:: PROMPT ::
Look for the string "round" in the listing below, then copy every line that has it.

◇ ◇ ◇ ◇ ◇ ◇ ◇

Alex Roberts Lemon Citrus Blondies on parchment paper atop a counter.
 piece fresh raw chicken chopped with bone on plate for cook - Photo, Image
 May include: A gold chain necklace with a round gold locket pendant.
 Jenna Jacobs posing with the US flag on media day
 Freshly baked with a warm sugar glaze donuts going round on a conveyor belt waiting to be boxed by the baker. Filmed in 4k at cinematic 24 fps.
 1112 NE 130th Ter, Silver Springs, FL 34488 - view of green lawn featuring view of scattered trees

◇ ◇ ◇ ◇ ◇ ◇ ◇

:: SOLUTION TO THIS EXERCISE ::
 May include: A gold chain necklace with a round gold locket pendant.
 Freshly baked with a warm sugar glaze donuts going round on a conveyor belt waiting to be boxed by the baker. Filmed in 4k at cinematic 24 fps.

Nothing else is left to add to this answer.